Door Ds. Jannica de Prenter
Zes jaar achtereen mag je je land inzaaien en de oogst binnenhalen. Maar het zevende jaar moet je het land braak laten liggen en het met rust laten, dan kunnen de armen onder jullie ervan eten; wat zij nog overlaten is voor de dieren van het veld. Met je wijngaard en je olijfgaard moet je hetzelfde doen. Zes dagen lang mag je werken, maar op de zevende dag moet je rust houden; dan kunnen ook je rund en je ezel uitrusten en kunnen je slaven en de vreemdelingen die voor je werken op adem komen.
Geduld en waakzaamheid
Boer-zijn vraagt om geduld en waakzaamheid. Een boer houdt zijn akker steeds nauwlettend in de gaten: of er geen distels of ander onkruid opschiet met het gewas. Keien en stenen haalt hij weg. Maar een boer moet ook wachten op de juiste tijd om in te zaaien. Mais, suikerbieten, uien en aardappelen gaan in het voorjaar al de grond in. De wintertarwe wordt in het najaar gezaaid. Een intensieve periode is de tijd van de oogst. Dan wordt er doorgewerkt van ’s ochtends vroeg tot ’s avonds laat. De Prediker wist het al: er is een tijd van zaaien en van oogsten (Prediker 3:2).

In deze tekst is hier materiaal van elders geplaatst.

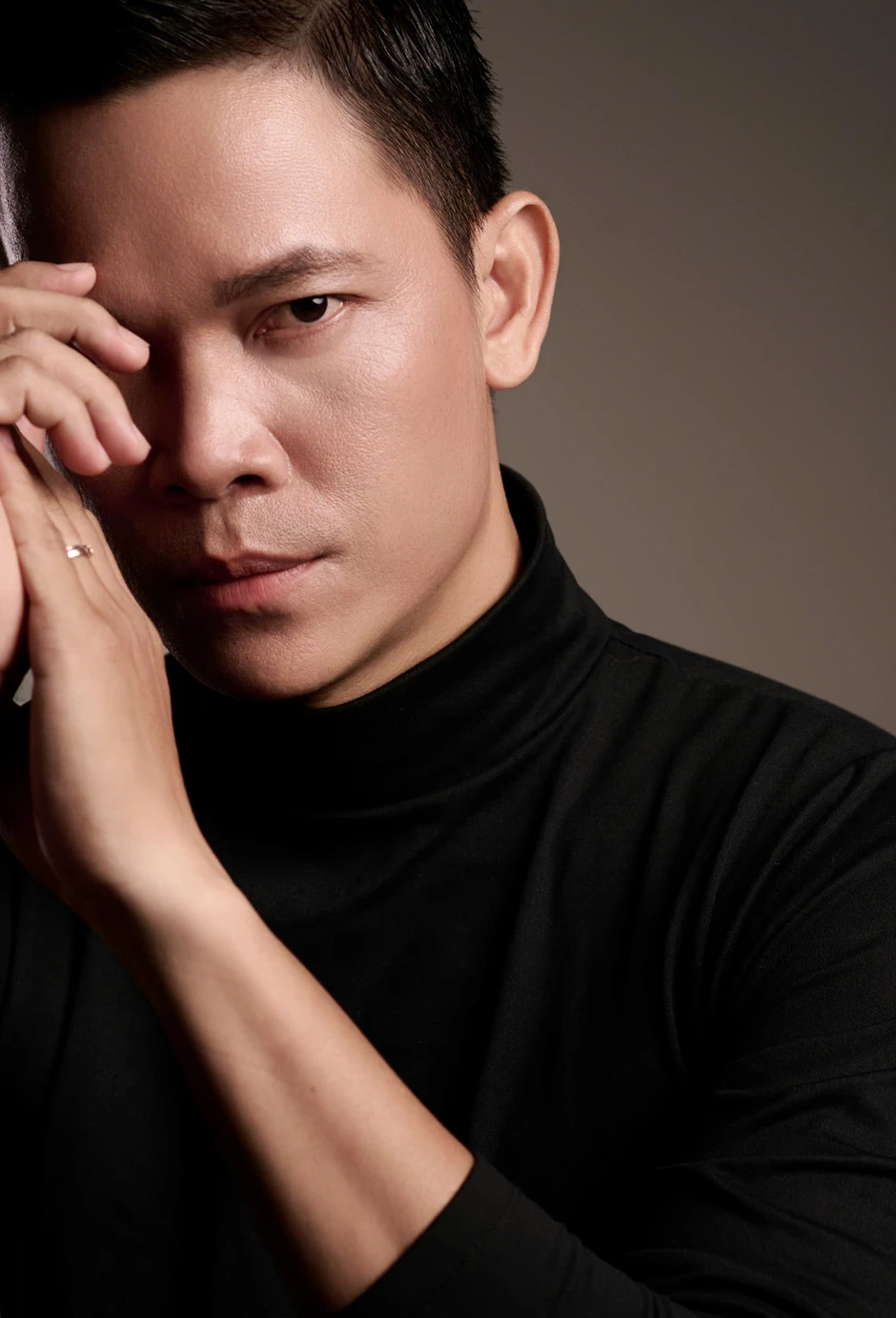 Sỹ Toàn đóng 5 phim trăm tỷ trong 1 năm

Zorgen voor een goede grond
De wetten in Exodus 23 schrijven voor dat de akker elk zevende jaar braak moet liggen. Zes jaar lang mag er gezaaid en geoogst worden. Maar het zevende jaar zal het land met rust gelaten worden. Vers 12 verbindt deze wet heel uitdrukkelijk met de sabbat. Zes dagen lang mag de mens werken, maar de zevende dag is een dag van ‘ophouden’, šāḇaṯ in het Hebreeuws. Zoals de sabbat geldt voor mensen en dieren, zo geldt het sabbatsjaar voor het land. In het zevende jaar zal het land braak liggen: de akkers, de wijngaarden en olijfgaarden. Wat het land nog opbrengt, is voor de armen en voor de dieren op het veld. Zorg voor de naaste en zorg voor de schepping gaan hier hand in hand.
Uitputting voorkomen
Het sabbatsjaar is een jaar van wachten op goede grond. Wanneer de aarde uitgeput is, gaat de opbrengst achteruit. Na zes jaar intensieve landbouw is een rustperiode meer dan nodig. Toch betekent braak liggen niet dat er niets gebeurt. De aarde wordt omgeploegd zodat er weer zuurstof in de bodem komt en de bodemstructuur zich herstelt. Zoals de mens gezette tijden van rust nodig heeft, zo moet ook de aarde na een intensieve periode kunnen rusten. Ook zij moet weer adem kunnen halen. Op tijd rusten, braak liggen: het voorkomt uitputting. Dat geldt zowel voor mensen, dieren, als voor het land.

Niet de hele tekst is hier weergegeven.